Since $f$ is positive and measurable, there exists a sequence of simple functions $f_n(x) \nearrow f(x)$ for all $x$.

Because $f_n$ simple $\Rightarrow f_n(x)= \sum_{k=1}^n\alpha_i\mathcal{1}$. Let $(f_n)_{n\in\mathbb{N}}$ be the monotone function sequence, consisting of simple functions with $\lim_{n\rightarrow \infty} f_n = f$

$$\nu(\emptyset) = \int_\emptyset f\, d\mu=\int_\emptyset \lim_{n\rightarrow \infty}f_n\, d\mu\overset{MCT}{=}\lim_{n\rightarrow \infty}\int_\emptyset f_n\, d\mu=\lim_{n\rightarrow \infty}\sum_{k=1}^{n} \alpha_k \mu(\emptyset\cap E_k)=\lim_{n\rightarrow \infty}\sum_{k=1}^{n} 0 = 0$$

Answer 1

Hint

Both doesn't seem correct.

For the first one

• If $f$ is simple, then $$f(x)=\sum_{k=1}^n \alpha _k\boldsymbol 1_{E_k},$$ (the sum is finite). Then $$\mu(\emptyset)=\sum_{k=1}^n\alpha _k\mu(\emptyset\cap E_k)=\sum_{k=1}^n\alpha _k\mu(\emptyset)=0.$$

• If $f$ is positive, there is a sequence of simple function s.t. $f_n(x)\nearrow f(x)$ for all $x$, then using Monotone convergence theorem will do the work.
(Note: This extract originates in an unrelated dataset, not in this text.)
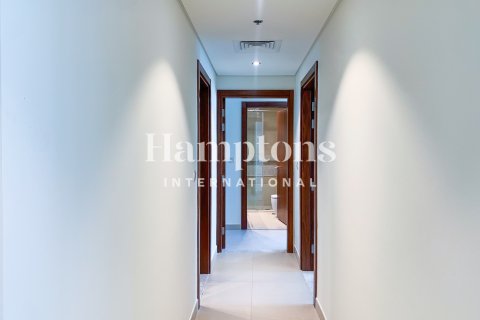 Apartment in Downtown Dubai (Downtown Burj Dubai), Dubai 3 bedrooms, 180.13891700 sq.m. № 96093 - photo 22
• If $f$ is measurable, then $f=f^+-f^-$ where $f^+(x)=\max\{f(x),0\}$ and $f^-(x)=-\min\{f(x),0\}$ are both positive, and try to apply the previous step.

For the second one

Still doesn't work. Let $\{A_i\}_{i\in\mathbb N}$ disjoints and measurable. If $f$ is simple, i.e. $$f(x)=\sum_{i=1}^n\alpha _i\boldsymbol 1_{E_i},$$ where $E_i$ are measurable, then \begin{align*} \int_{\bigcup_{j=1}^\infty A_i}f\,\mathrm d \mu=\sum_{i=1}^n\alpha _i\mu\left(E_i\cap \bigcup_{j=1}^\infty A_i\right)&=\sum_{i=1}^n\alpha _i\mu\left( \bigcup_{j=1}^\infty E_j\cap A_i\right)\\ &=\lim_{m\to \infty }\sum_{i=1}^n\alpha _i\mu\left(\bigcup_{j=1}^mE_i\cap A_j\right). \end{align*}

I let you conclude from here.

When $f\geq 0$ and $f$ measurable, apply the same recipe than the first one.